Analysis of complications of minimally invasive approaches for symptomatic lumbar spinal stenosis.

Abstract

Introduction: Current treatment modalities of lumbar spinal stenosis range from conservative medical management and physical therapy to open surgical decompression. Minimally invasive lumbar decompression (MILD) and Superion interspinous spacers (SISS) Vertiflex offer the promise of effective pain relief with shorter recovery time and lesser potential complications compared with open surgical decompression procedures and general anesthesia. Despite their increasing utilization, their complication profile is not well established in the literature.

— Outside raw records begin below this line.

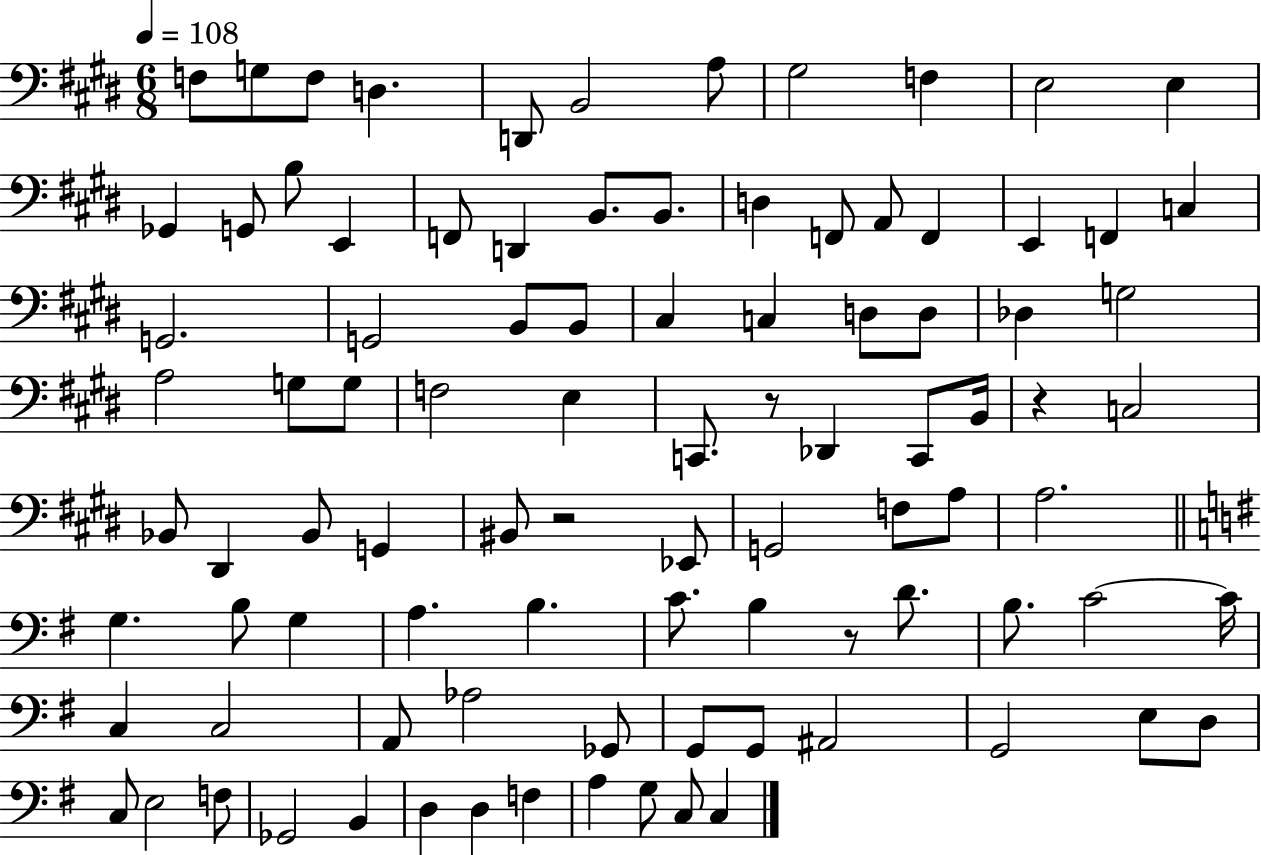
{
  \clef bass
  \numericTimeSignature
  \time 6/8
  \key e \major
  \tempo 4 = 108
  f8 g8 f8 d4. | d,8 b,2 a8 | gis2 f4 | e2 e4 | \break ges,4 g,8 b8 e,4 | f,8 d,4 b,8. b,8. | d4 f,8 a,8 f,4 | e,4 f,4 c4 | \break g,2. | g,2 b,8 b,8 | cis4 c4 d8 d8 | des4 g2 | \break a2 g8 g8 | f2 e4 | c,8. r8 des,4 c,8 b,16 | r4 c2 | \break bes,8 dis,4 bes,8 g,4 | bis,8 r2 ees,8 | g,2 f8 a8 | a2. | \break \bar "||" \break \key g \major g4. b8 g4 | a4. b4. | c'8. b4 r8 d'8. | b8. c'2~~ c'16 | \break c4 c2 | a,8 aes2 ges,8 | g,8 g,8 ais,2 | g,2 e8 d8 | \break c8 e2 f8 | ges,2 b,4 | d4 d4 f4 | a4 g8 c8 c4 | \break \bar "|."
} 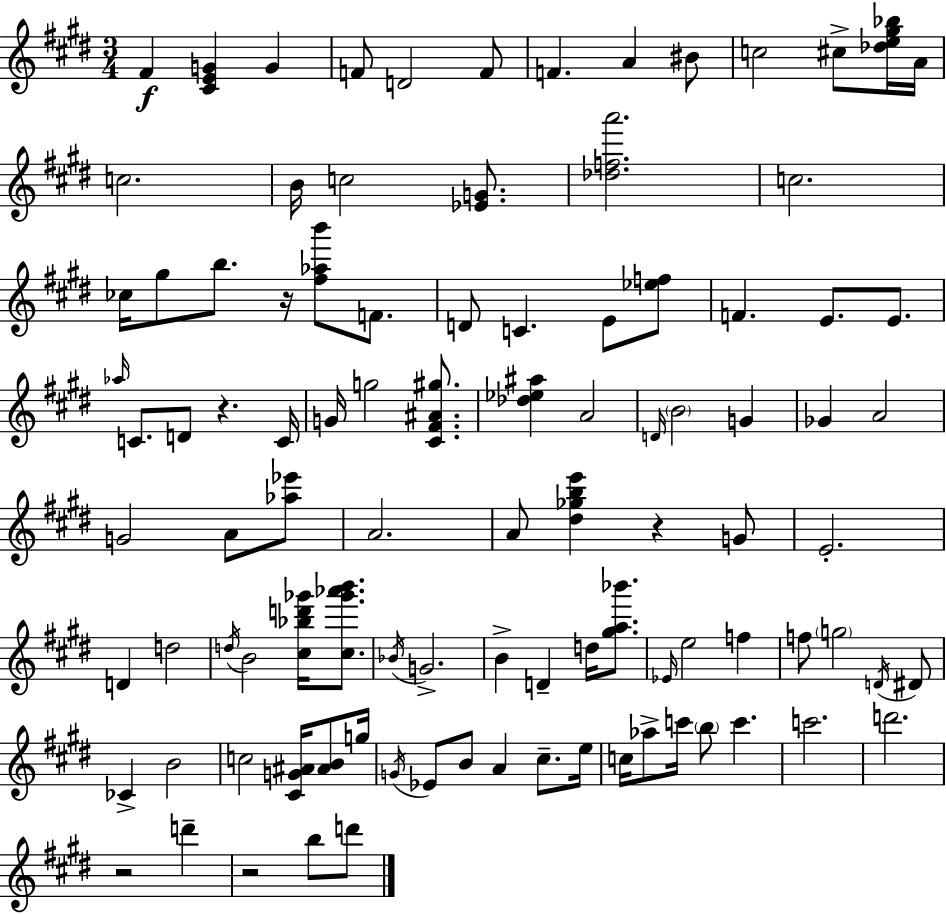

Methods: We searched the FDA's Manufacturer and User facility Device Experience (MAUDE) database for all entries on MILD product code 'HRX' and SISS product code 'NQO'. MAUDE database was queried from 2010 to 2021. Duplicate entries were removed, and complications were classified based on the event descriptions.

Results: For the MILD procedure, a total of 10 entries were found in the MAUDE database. Among these, 8 were classified as surgical complications and 2 were device related. On the other hand, a total of 919 reports were found in the MAUDE database for Vertiflex, with 385 medical device reports were included in the analysis. Device-related were the most reported complication, accounting for 189 cases.

Conclusion: As with any new intervention, we must proceed with caution and evaluate the procedure performance over time. Such data should aid physicians to make informed decisions before choosing either technique for their patients. The findings from this study provide insight into the complication profile associated with both MILD and Vertiflex procedures, highlighting the need for continued evaluation and careful consideration in clinical decision-making.